プロ野球亭日乗BACK NUMBER
巨人歴代最高1066勝 原辰徳が明かす、川上哲治と共有する「宮本武蔵『空』の思想」
posted2020/09/09 21:15
text by
鷲田康Yasushi Washida
photograph by
Hideki Sugiyama
9月9日、読売ジャイアンツが中日ドラゴンズに勝利し、原辰徳監督が監督通算1066勝目を挙げました。V9時代にチームを率いた川上哲治氏に並び、球団史上1位の記録となります。これを記念し、原監督に自らの根本にある指揮官としての哲学、思想について語ってもらいました。
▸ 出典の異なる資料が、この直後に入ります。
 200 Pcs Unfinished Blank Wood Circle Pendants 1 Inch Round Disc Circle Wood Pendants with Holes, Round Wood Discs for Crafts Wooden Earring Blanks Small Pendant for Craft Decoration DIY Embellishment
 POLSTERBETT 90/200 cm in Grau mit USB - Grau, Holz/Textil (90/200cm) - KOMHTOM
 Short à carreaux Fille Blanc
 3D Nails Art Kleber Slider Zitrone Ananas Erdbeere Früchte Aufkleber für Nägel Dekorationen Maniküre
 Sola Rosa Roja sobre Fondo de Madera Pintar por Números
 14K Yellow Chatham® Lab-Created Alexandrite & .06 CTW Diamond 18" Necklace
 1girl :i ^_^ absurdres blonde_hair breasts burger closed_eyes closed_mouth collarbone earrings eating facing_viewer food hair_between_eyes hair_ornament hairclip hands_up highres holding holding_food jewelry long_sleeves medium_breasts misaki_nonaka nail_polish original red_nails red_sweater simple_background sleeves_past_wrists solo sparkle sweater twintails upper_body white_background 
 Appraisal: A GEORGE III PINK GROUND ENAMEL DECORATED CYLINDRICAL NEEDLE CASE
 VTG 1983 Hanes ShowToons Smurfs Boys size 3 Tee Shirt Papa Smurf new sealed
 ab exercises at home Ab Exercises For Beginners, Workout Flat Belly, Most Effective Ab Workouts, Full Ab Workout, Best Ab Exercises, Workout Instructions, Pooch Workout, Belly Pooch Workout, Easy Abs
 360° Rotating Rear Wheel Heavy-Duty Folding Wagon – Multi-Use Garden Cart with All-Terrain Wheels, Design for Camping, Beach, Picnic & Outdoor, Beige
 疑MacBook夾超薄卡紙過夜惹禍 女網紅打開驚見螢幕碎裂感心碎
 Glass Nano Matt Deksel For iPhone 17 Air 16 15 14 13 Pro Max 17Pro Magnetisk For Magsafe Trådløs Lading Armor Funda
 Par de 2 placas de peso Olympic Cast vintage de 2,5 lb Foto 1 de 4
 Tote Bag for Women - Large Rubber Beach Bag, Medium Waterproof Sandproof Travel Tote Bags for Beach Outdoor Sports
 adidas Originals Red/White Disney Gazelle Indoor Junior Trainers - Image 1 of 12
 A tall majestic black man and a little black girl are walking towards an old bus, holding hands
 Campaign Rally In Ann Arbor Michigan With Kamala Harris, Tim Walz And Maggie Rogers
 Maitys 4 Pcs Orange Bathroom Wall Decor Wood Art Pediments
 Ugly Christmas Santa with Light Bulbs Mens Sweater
東京ドームの一塁側ベンチ裏。選手サロンとロッカールームの間の通路を抜けると、コーチ陣のロッカーのさらに奥に巨人軍監督室がある。
扉を開いて部屋に入る。
正面に原辰徳監督のデスクがあり、そのデスクに向かって右側の壁には歴代監督の色紙が飾られている。
1936年のプロ野球創設時に初優勝を飾った藤本定義監督から高橋由伸前監督まで。色紙には監督の直筆サインと、それぞれが心に焼き付けていた言葉が記されている。
その中の1枚、第9代監督で不滅のV9を達成した川上哲治さんの色紙の言葉は「不動心」だった。
何事にも動じない、どんな局面になっても不変の心のあり方を表すこの言葉は、川上さんが現役時代から勝負に向き合う気構えとして好んで使っていた。
原点には川上さんの思想があった
そして実は原監督にとっても思い入れのある言葉だった。
「2002年に最初に監督になったとき、チームスローガンとして『不動心』を使わせて頂きました」
監督・原辰徳のスタート、原点には川上さんの思想があったのである。
「川上さんといえば私たちの世代にとっては、背番号16の打撃の神様というより、V9を成し遂げた背番号77の名将、監督というイメージの方が強いですね。私にとってもベンチに座ってじっとグラウンドに目を凝らし、指揮を執っている姿の方が強く印象に残っています」
原監督にとっては入団時の監督で恩師でもある藤田元司さんの、その師匠に当たる人物が川上さんという関係になる。川上さんにとっては、原監督はいわば孫弟子のような存在だった訳だ。